L’Ucraina per la prima volta ha ammesso di aver colpito e gravemente danneggiato lo scorso ottobre il ponte di Kerch, che collega la Russia alla Crimea, dopo averlo negato per 8 mesi di fronte alle accuse di Mosca. E contemporaneamente ha rivendicato di nuovo anche l’affondamento dell’incrociatore lanciamissili Moskva nel Mar Nero nell’aprile del 2022, nelle prime fasi della guerra, che la Russia ha invece sempre rifiutato di ammettere fosse opera dei militari di Kiev. Il ponte di Kerch fu gravemente danneggiato dall’esplosione di un camion-bomba, che uccise anche alcuni automobilisti, e bloccò il ponte per mesi prima che fosse riparato, tranne una sola corsia riaperta dopo una decina di giorni.
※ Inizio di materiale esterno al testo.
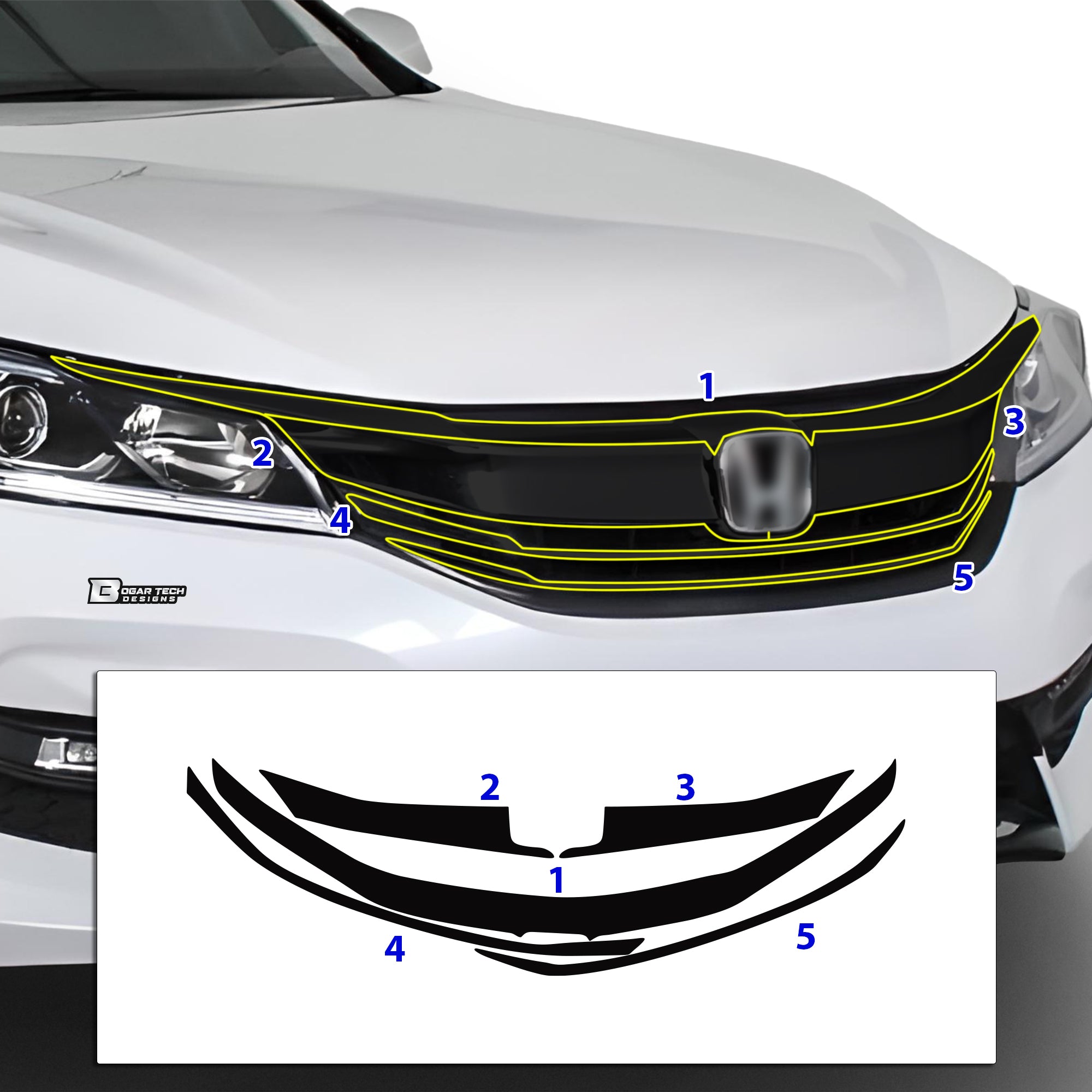 Vinyl Chrome Delete Grille Side Window Rear Wheel Blackout Decal Stickers Overlay Film Fits Honda Accord 2013 - 2017 - Bogar Tech Designs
Entrambi gli annunci sono stati fatti dalla viceministra alla Difesa ucraina, Hanna Malyar, che ha così voluto celebrare la scadenza simbolica dei 500 giorni di guerra, nelle stesse ore in cui il governatore filorusso della Crimea, annessa dalla Russia nel 2014, Serghey Aksionov, denunciava un tentativo di attacco missilistico da parte degli ucraini a quello stesso ponte di Kerch, fiore all’occhiello della Federazione russa dopo l’annessione e strategicamente essenziale per collegare alla “madrepatria” la penisola della Crimea, che altrimenti sarebbe isolata e tagliata fuori, non solo militarmente, ma anche sotto il profilo della logistica e anche dei rifornimenti di beni e servizi.
Il traffico sul ponte, particolarmente intenso con oltre 500 auto in fila verso il mare nella seconda domenica di luglio, è stato interrotto per qualche ora dopo che Aksionov ha riferito dell’abbattimento di un missile da crociera vicino a Kerch. Se la controffensiva ucraina penetrerà i confini della Crimea, la distruzione del ponte sarebbe per Kiev una mossa strategicamente obbligatoria. Kiev intanto registra una nuova avanzata nel settore della città martire di Bakhmut, dove i russi hanno decine di migliaia di uomini, che viene lentamente stretta in una morsa da nord e da sud. “Facciamo progressi”, ha affermato il comandante delle forze di terra ucraine, Alexander Syrsky, postando un video che mostra il lavoro di un cecchino ucraino. “Direzione Bakhmut. Stiamo avanzando, le forze di difesa continuano ad andare avanti e il nemico è intrappolato in alcuni punti”. “Torneremo subito a combattere”, hanno promesso intanto gli ufficiali ucraini che difesero per mesi l’acciaieria Azovstal di Mariupol, arresisi ai russi nel maggio del 2022 e rilasciati da Mosca in Turchia.
Rimpatriati sull’aereo di stato con il presidente Volodymyr Zelensky dopo il suo incontro con il leader turco Erdogan a Istanbul, i militari, fra cui un comandante del battaglione Azov, Oleg Khomenk, hanno preso parte ieri sera ad una conferenza stampa a Leopoli. Non lontano, a Lutsk, nell’Ucraina nord-occidentale, Zelensky, che sta lavorando a tutto campo per assicurarsi un buon viatico per l’ingresso veloce nella Nato alla vigilia del vertice di Vilnius, ha ricevuto il presidente polacco, Andrzej Duda in una visita non annunciata. “La memoria ci unisce. Insieme siamo più forti”, hanno scritto i due capi di stato commemorando le vittime dei massacri compiuti in Volynia fra il 1943 e il 1945 dagli occupanti nazisti con la complicità di nazionalisti ucraini ai danni della minoranza polacca. Proprio la Polonia non si sente sicura con la presenza in della milizia Wagner e del suo padrone, Yevgeny Prgozhin, nella vicina Bielorussia e ha perciò ha iniziato a trasferire truppe sul confine est. “Oltre 1.000 soldati e quasi 200 unità di equipaggiamento della 12ma e 17ma brigata stanno iniziando a spostarsi”, ha scritto il ministro della Difesa polacco Mariusz Błaszczak: “Una risposta ai tentativi di destabilizzazione vicino al confine del nostro Paese”.